**Work instruction**
Please restate the records that follow word for word, omitting any images.

**Data for review**
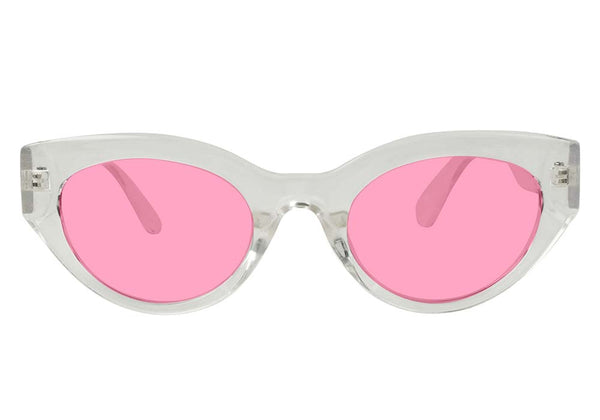 Moore Clear Pink Polarized Sunglasses Front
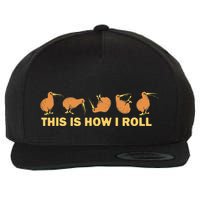 Kiwi Bird Australia Souvenir This Is How I Roll Kiwi Wool Snapback Cap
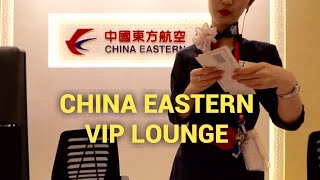 China Eastern Business Lounge Shanghai  PVG Airport [upl. by Anyah]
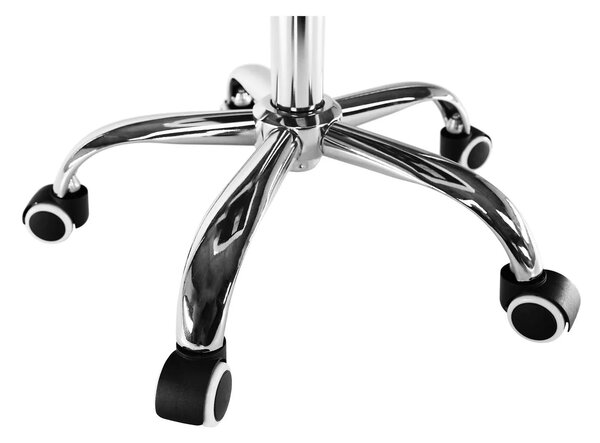 Scaun birou ARGUS NEW, gri/crom, piele ecologica/metal, 47x56x73/84 cm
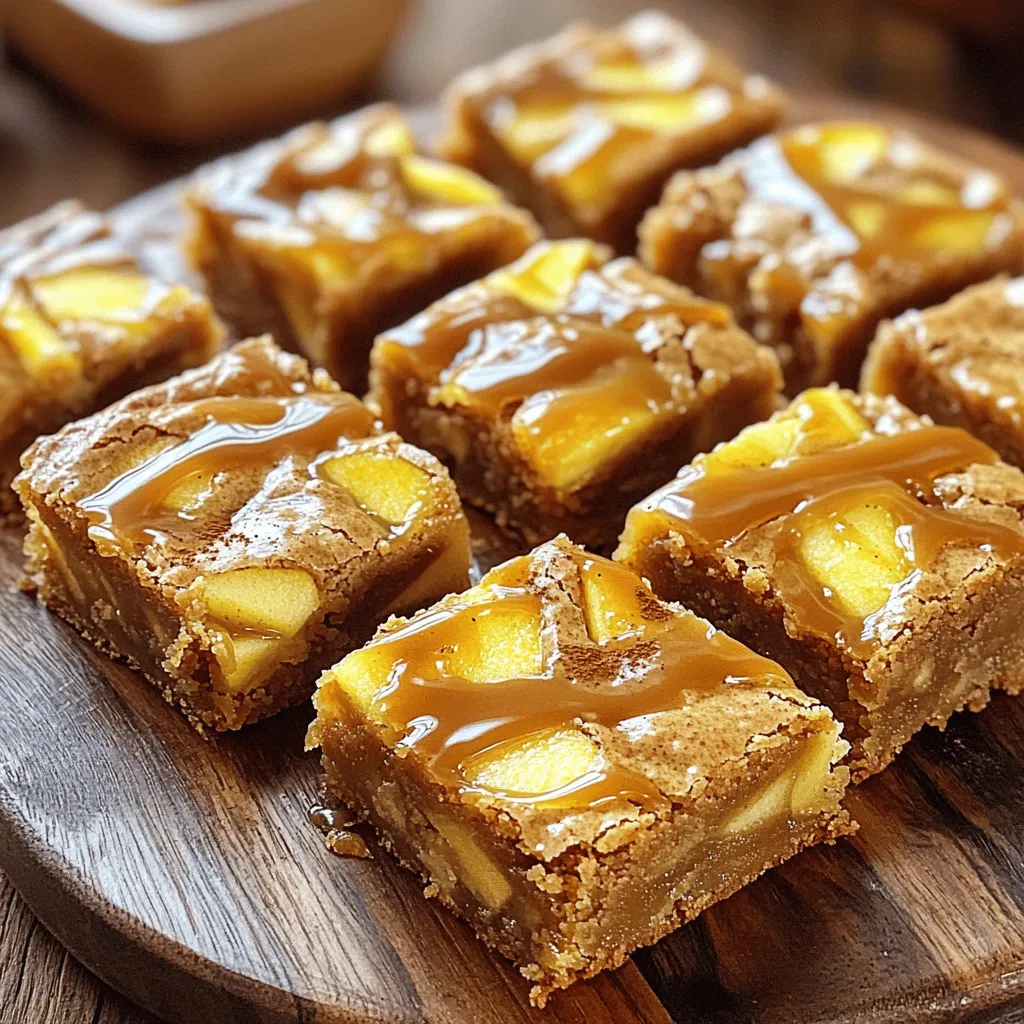 Apple Cider Caramel Blondies With Rich Flavor Burst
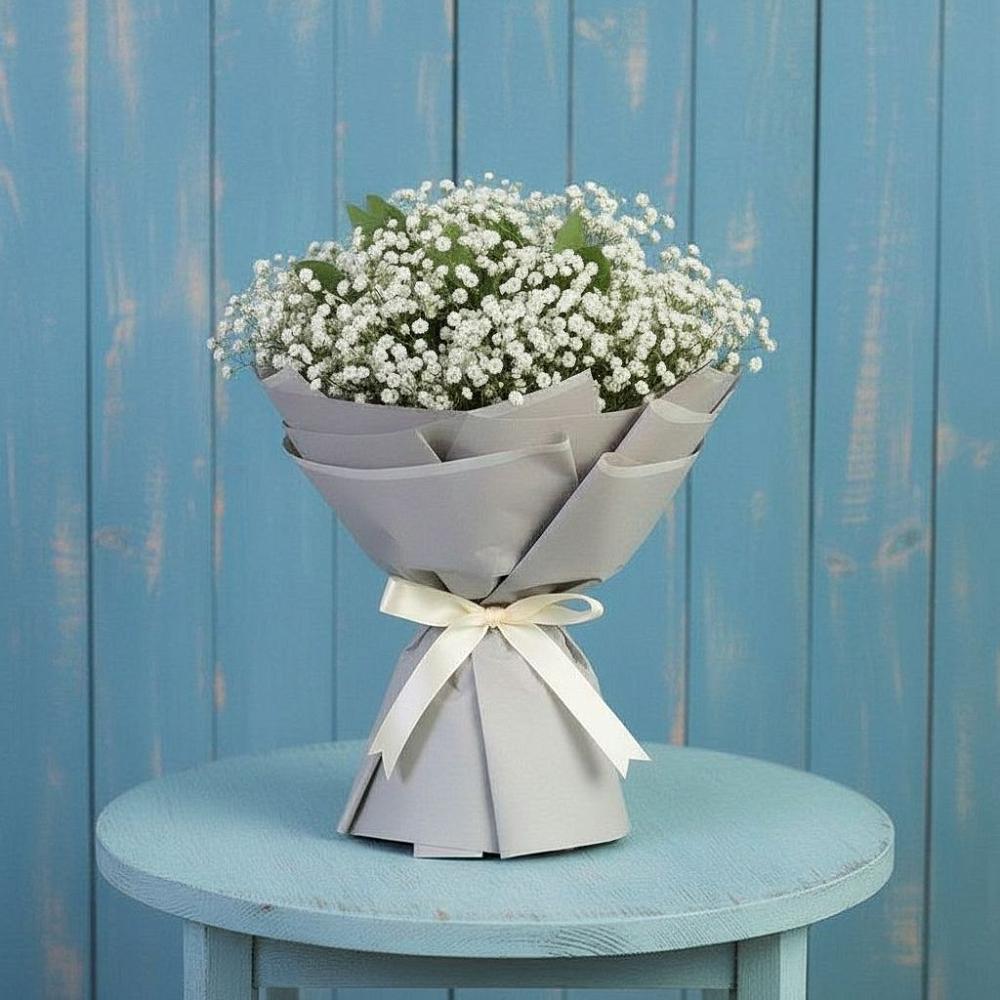 Букет цветов из: Гипсофила в Ипатово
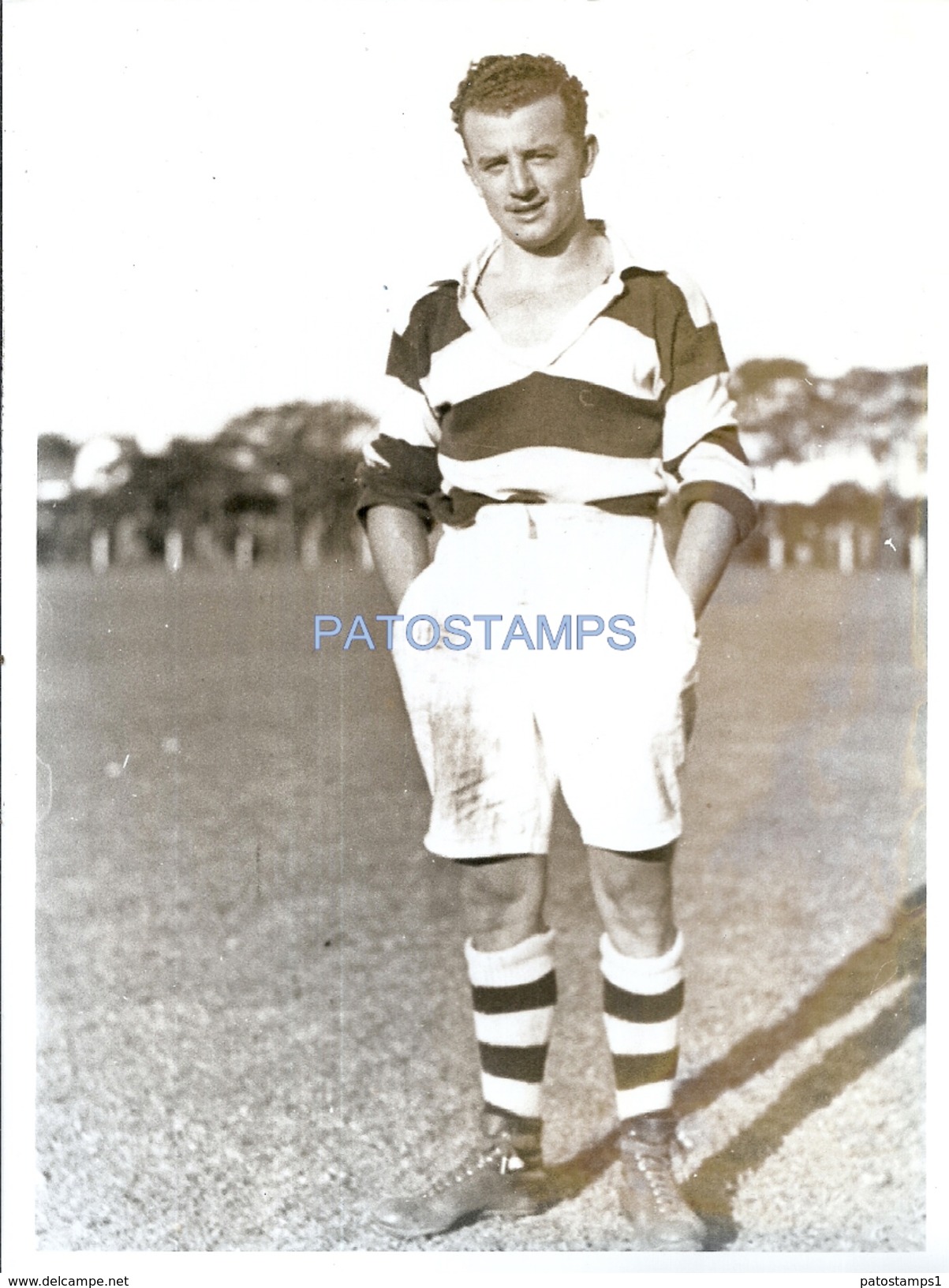 71859 ARGENTINA SPORTS RUGBY CLUB ATLETICO SAN ISIDRO JUGADOR 24 X 18 CM PHOTO NO POSTAL POSTCARD - Rugby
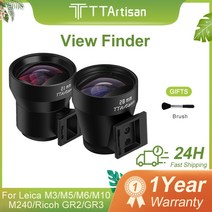 리코 GR 2 호환 TTartisan 범용 뷰 파인더 카메라 뷰파인더 라이카 M3 M5 M6 M10 M40 GR3 28mm, 1.21mm - Black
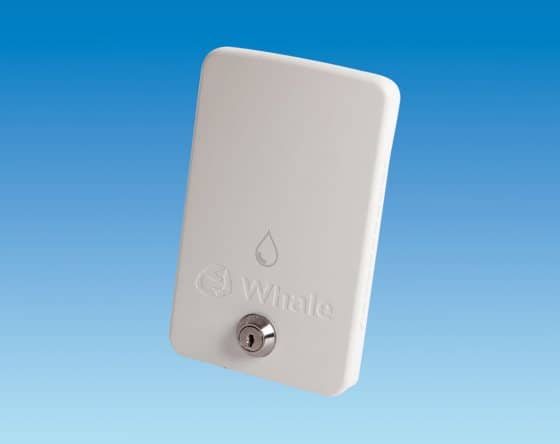 WHALE Water Out Sliding Socket Lid c/w Lock WHITE   AK1432C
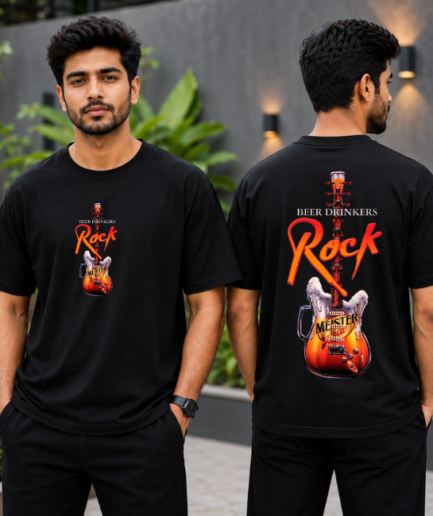 Rock Vibes Guitar Oversized T-Shirt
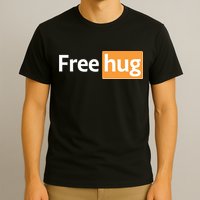 Funny Free Hug Logo Meme T-Shirt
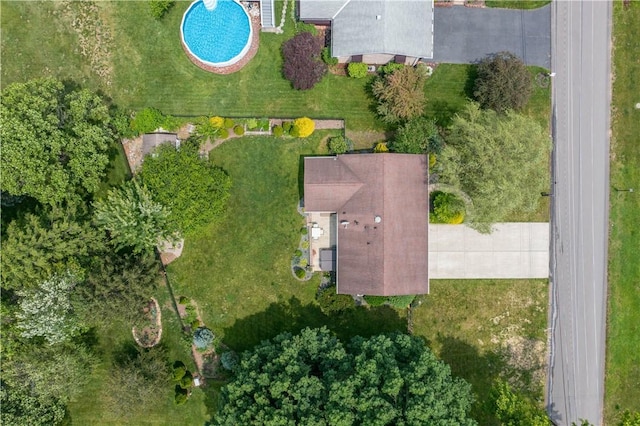 1116 Mcgovern Rd, Chartiers, PA 15342 - aerial overview of property's location with a pool area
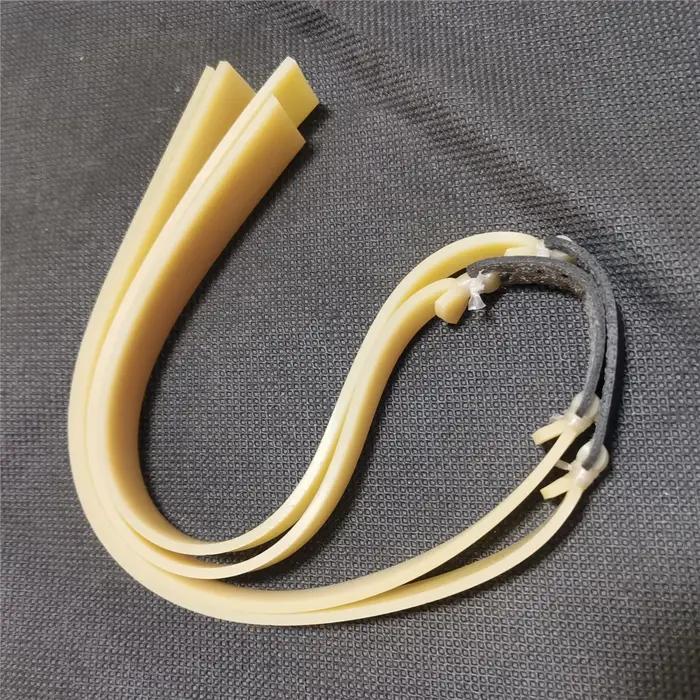 Bande de caoutchouc accessoires de fronde de chasse en plein air 3 pièces 1.5mm 2mm de large bande d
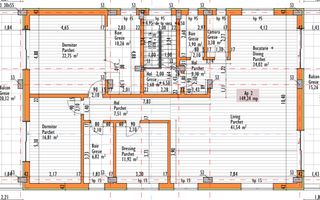 Apartament 148 mp utili + 150 mp terasa + 250 mp cota teren! Cu CF! - Schiță 1
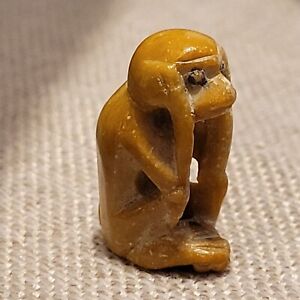 Vintage Netsuke Ojime Bead Hand Carved Monkey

**Completed exercise**
 Moore Clear Pink Polarized Sunglasses Front
 Kiwi Bird Australia Souvenir This Is How I Roll Kiwi Wool Snapback Cap
 China Eastern Business Lounge Shanghai  PVG Airport [upl. by Anyah]
 Scaun birou ARGUS NEW, gri/crom, piele ecologica/metal, 47x56x73/84 cm
 Apple Cider Caramel Blondies With Rich Flavor Burst
 Букет цветов из: Гипсофила в Ипатово
 71859 ARGENTINA SPORTS RUGBY CLUB ATLETICO SAN ISIDRO JUGADOR 24 X 18 CM PHOTO NO POSTAL POSTCARD - Rugby
 리코 GR 2 호환 TTartisan 범용 뷰 파인더 카메라 뷰파인더 라이카 M3 M5 M6 M10 M40 GR3 28mm, 1.21mm - Black
 WHALE Water Out Sliding Socket Lid c/w Lock WHITE   AK1432C
 Rock Vibes Guitar Oversized T-Shirt
 Funny Free Hug Logo Meme T-Shirt
 1116 Mcgovern Rd, Chartiers, PA 15342 - aerial overview of property's location with a pool area
 Bande de caoutchouc accessoires de fronde de chasse en plein air 3 pièces 1.5mm 2mm de large bande d
 Apartament 148 mp utili + 150 mp terasa + 250 mp cota teren! Cu CF! - Schiță 1
 Vintage Netsuke Ojime Bead Hand Carved Monkey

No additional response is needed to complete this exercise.